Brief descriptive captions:
***

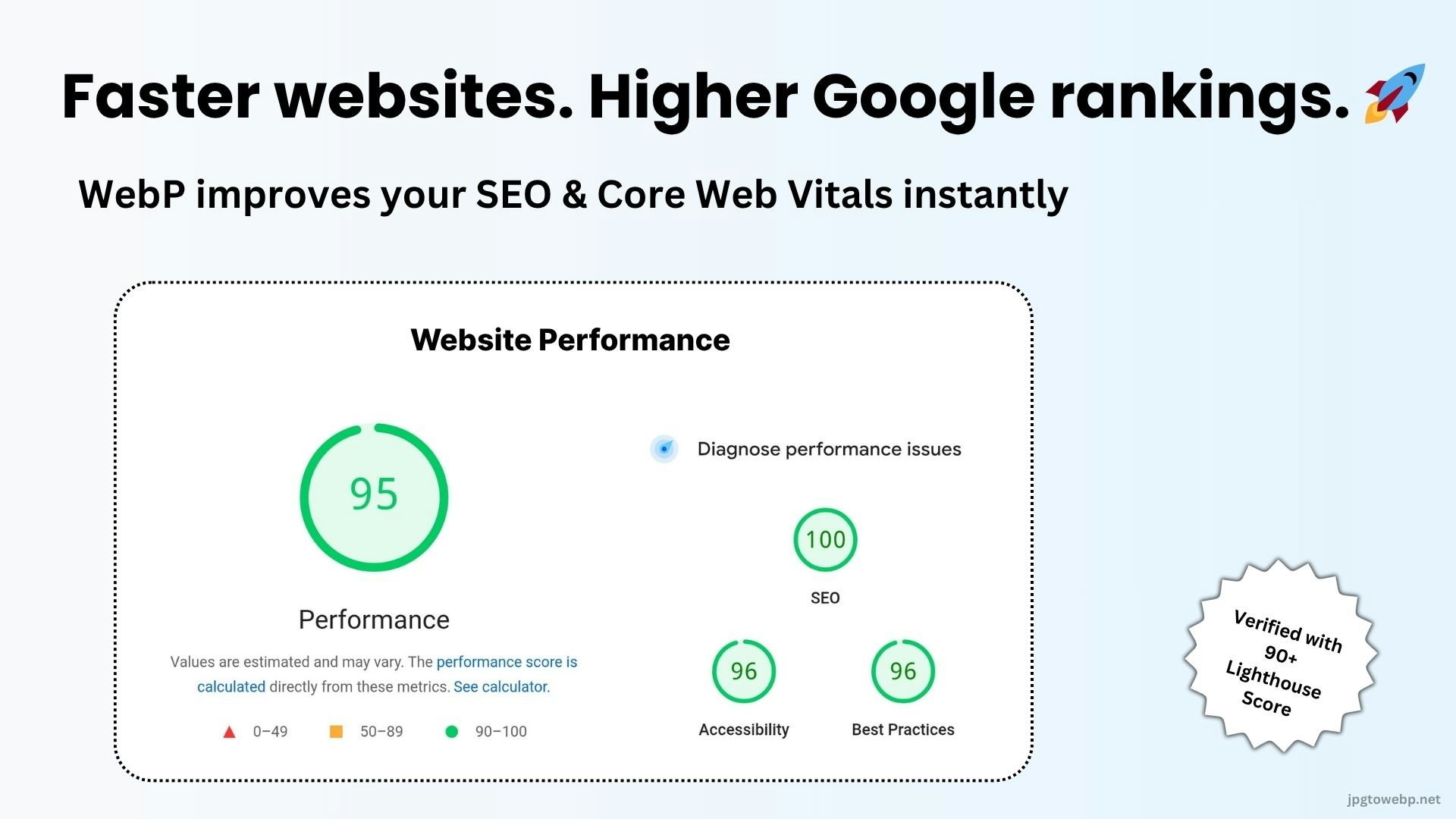 JPG to WebP Converter - Screenshot 5 preview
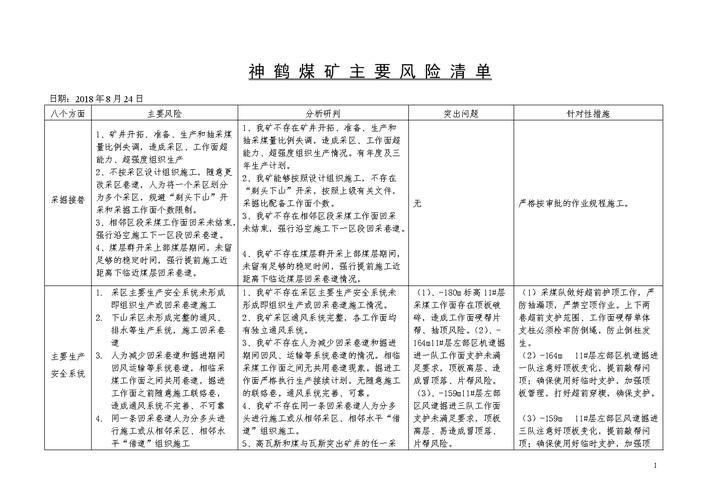 煤矿征地标准？煤矿项目占地手续-图1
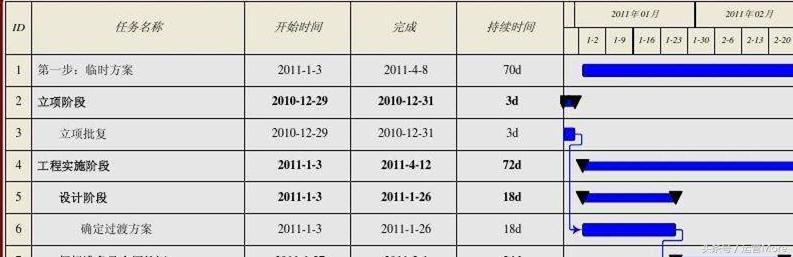 运营活动及推广,运营做的活动都有哪些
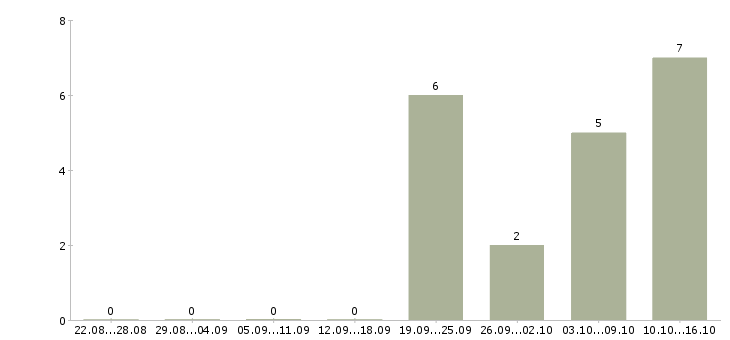 Работа требуется менеджер работе с клиентами в Волжском - Число вакансий в Волжском по специальности требуется менеджер работе с клиентами за 2 месяца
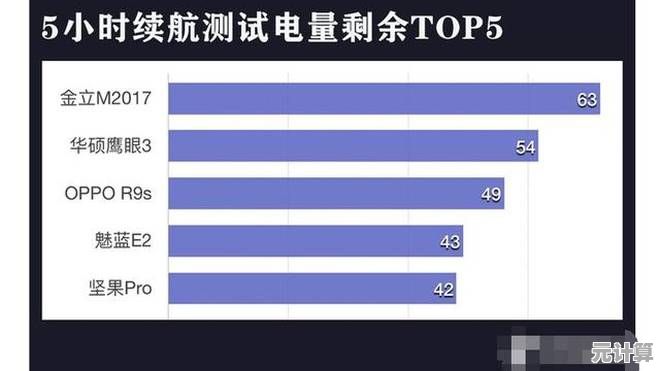 全面解析主流处理器功耗表现：这份天梯图帮你挑出真正续航强的手机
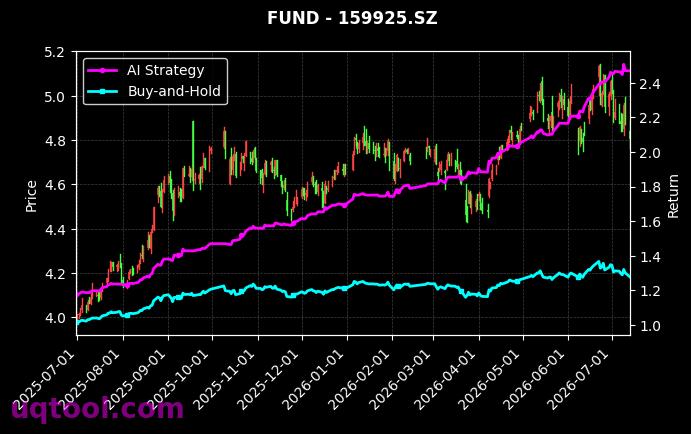 招商深证电子信息传媒产业(TMT)50ETF,南方沪深300ETF[159909.SZ,159925.SZ] 策略信号图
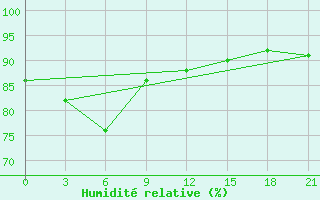 Courbe de l'humidit relative pour Kurcum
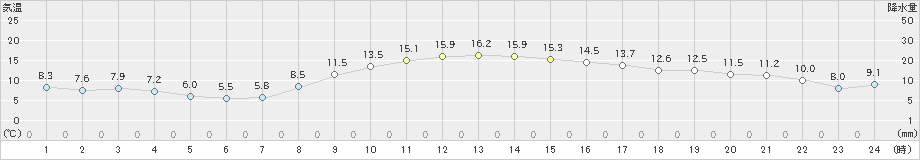 東京(>2024年12月06日)のアメダスグラフ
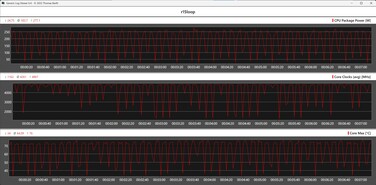 Indicateur de performance du processeur pendant la boucle Cinebench R15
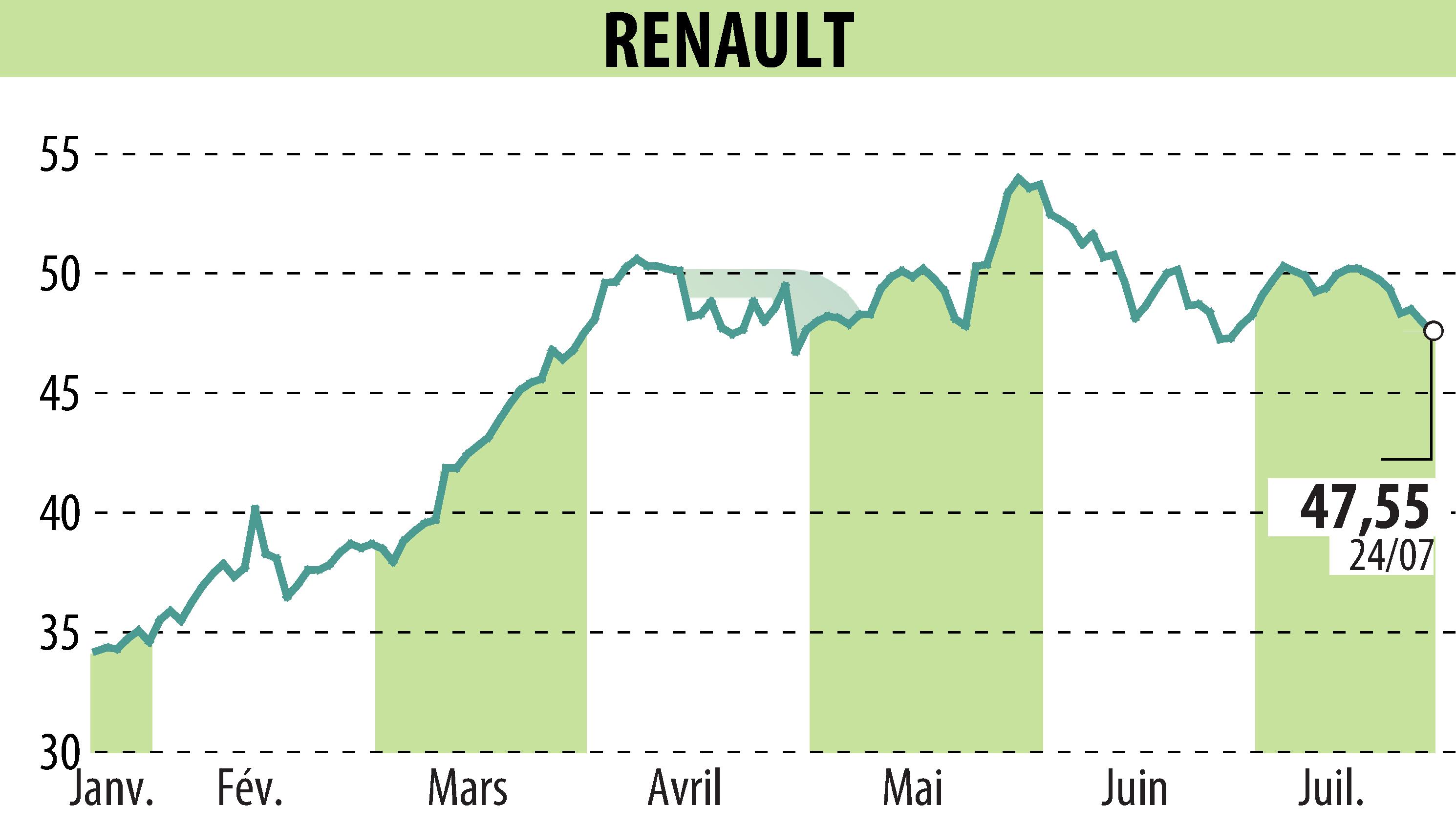 Graphique de l'évolution du cours de l'action RENAULT (EPA:RNO).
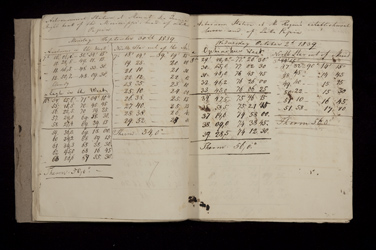 September 30 - October 2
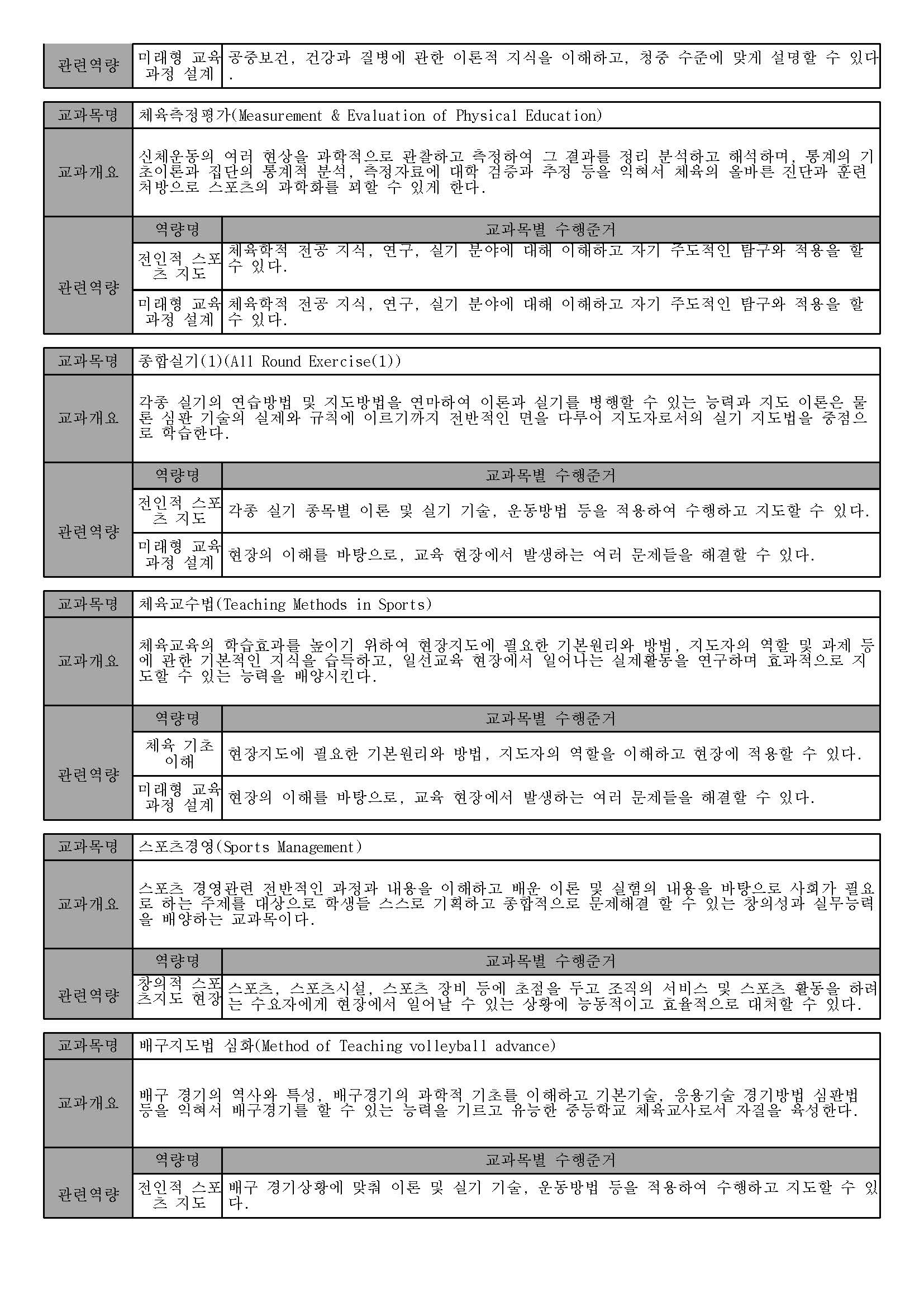 체육교육과 2025 교과목 일람표_페이지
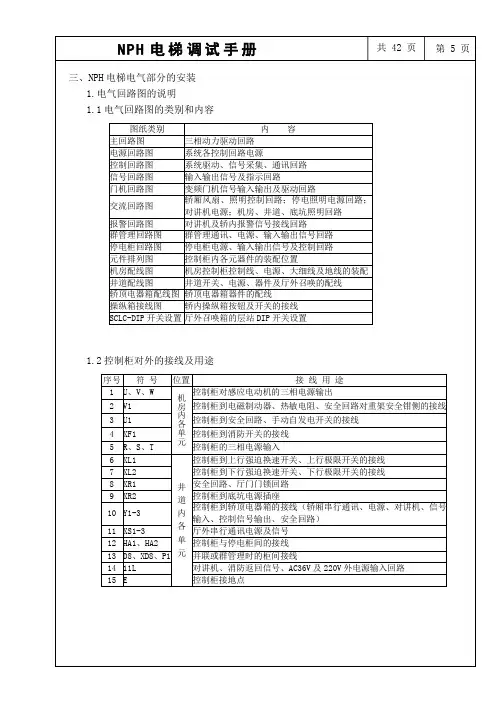 nph电梯调试手册(5 27)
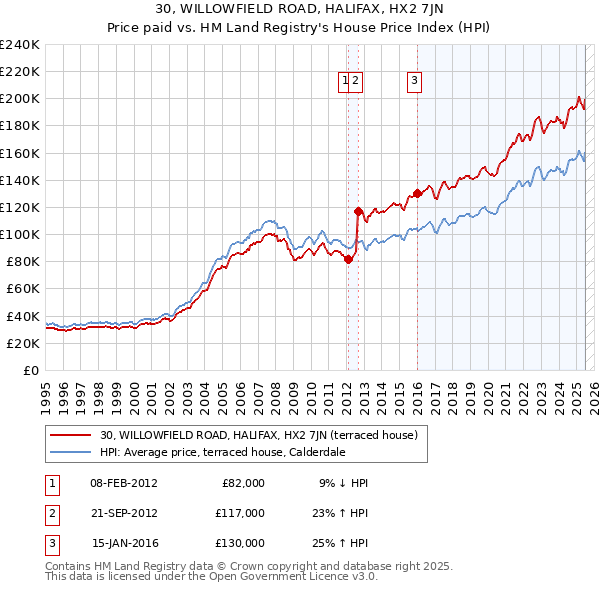30, WILLOWFIELD ROAD, HALIFAX, HX2 7JN: Price paid vs HM Land Registry's House Price Index
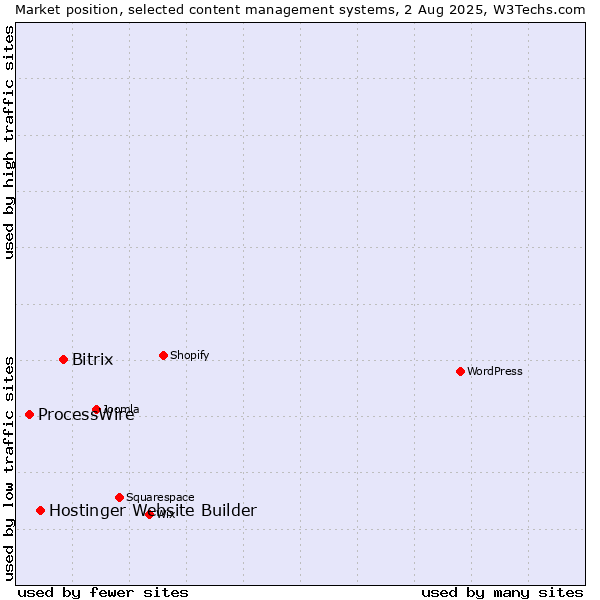 Market position of Bitrix vs. Hostinger Website Builder vs. ProcessWire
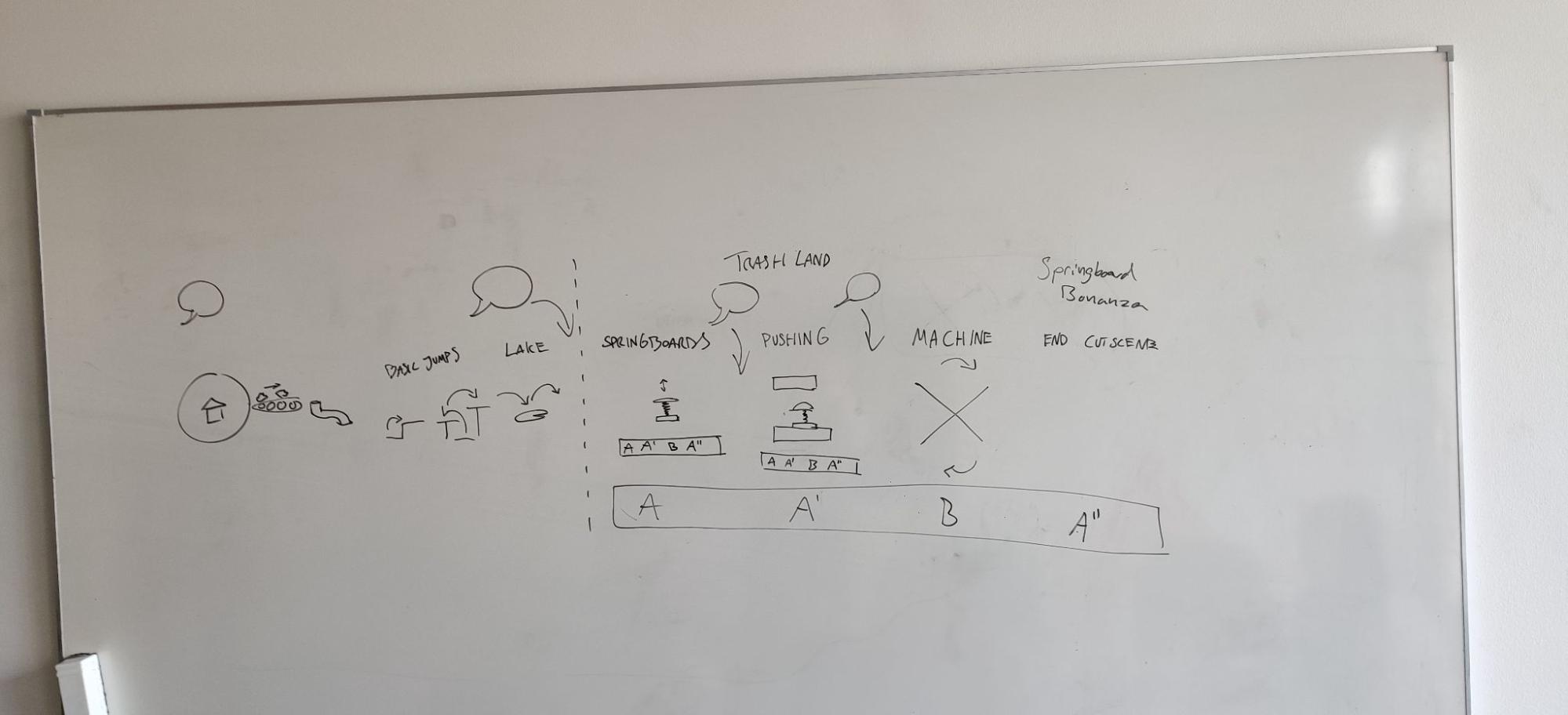 Second 4 Step Level Design Concept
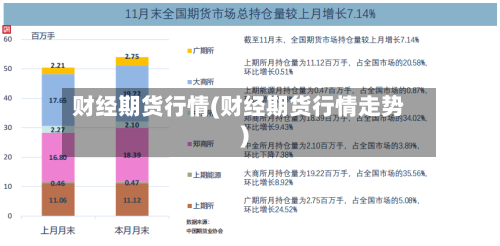 财经期货行情(财经期货行情走势)-第3张图片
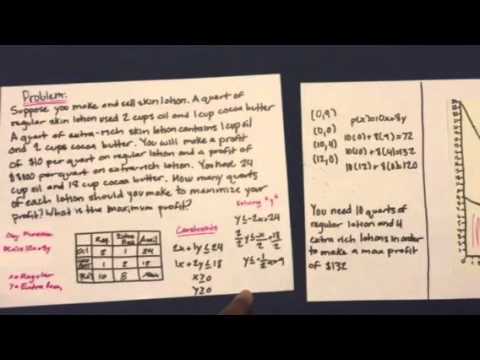 Linear Programming Remediation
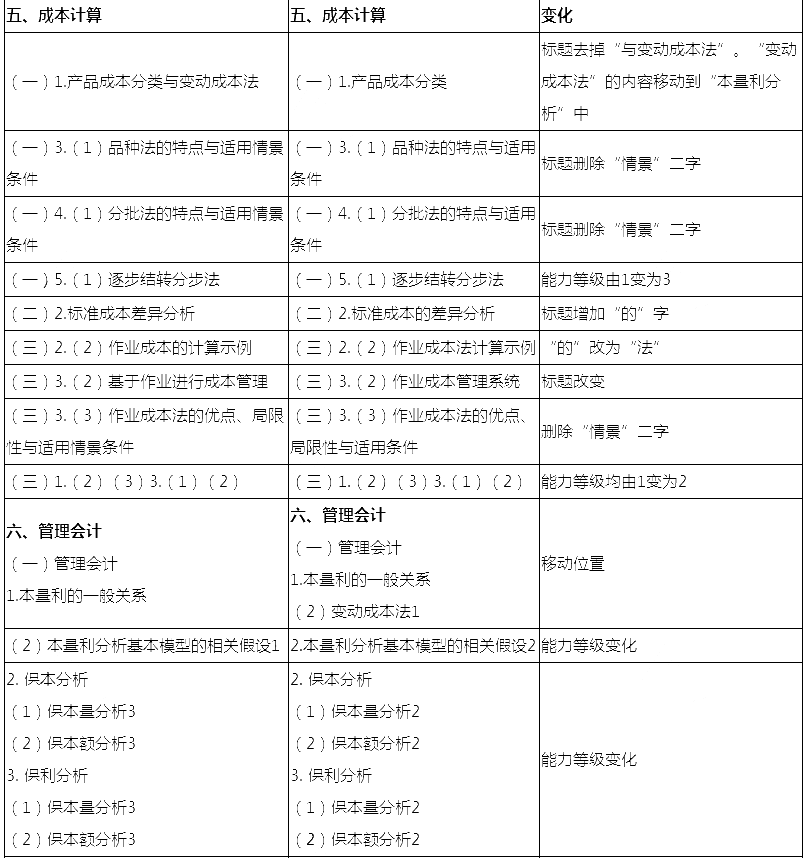 2018年注册会计师《财务成本管理》新旧考试大纲对比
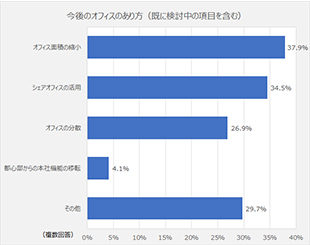 [図表6]オフィス面積の縮小を考える大企業が約38％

***

### TASK TO COMPLETE
Transcribe the lines that run from the line bearing "Courbe de l'humidit relative pour Kurcum" through the last line of the data. Keep the wording exact and leave out every picture.

### EXPECTED ANSWER
 Courbe de l'humidit relative pour Kurcum
 東京(>2024年12月06日)のアメダスグラフ
 Indicateur de performance du processeur pendant la boucle Cinebench R15
 Graphique de l'évolution du cours de l'action RENAULT (EPA:RNO).
 September 30 - October 2
 체육교육과 2025 교과목 일람표_페이지
 nph电梯调试手册(5 27)
30, WILLOWFIELD ROAD, HALIFAX, HX2 7JN: Price paid vs HM Land Registry's House Price Index
 Market position of Bitrix vs. Hostinger Website Builder vs. ProcessWire
 Second 4 Step Level Design Concept
 财经期货行情(财经期货行情走势)-第3张图片
 Linear Programming Remediation
 2018年注册会计师《财务成本管理》新旧考试大纲对比
 [図表6]オフィス面積の縮小を考える大企業が約38％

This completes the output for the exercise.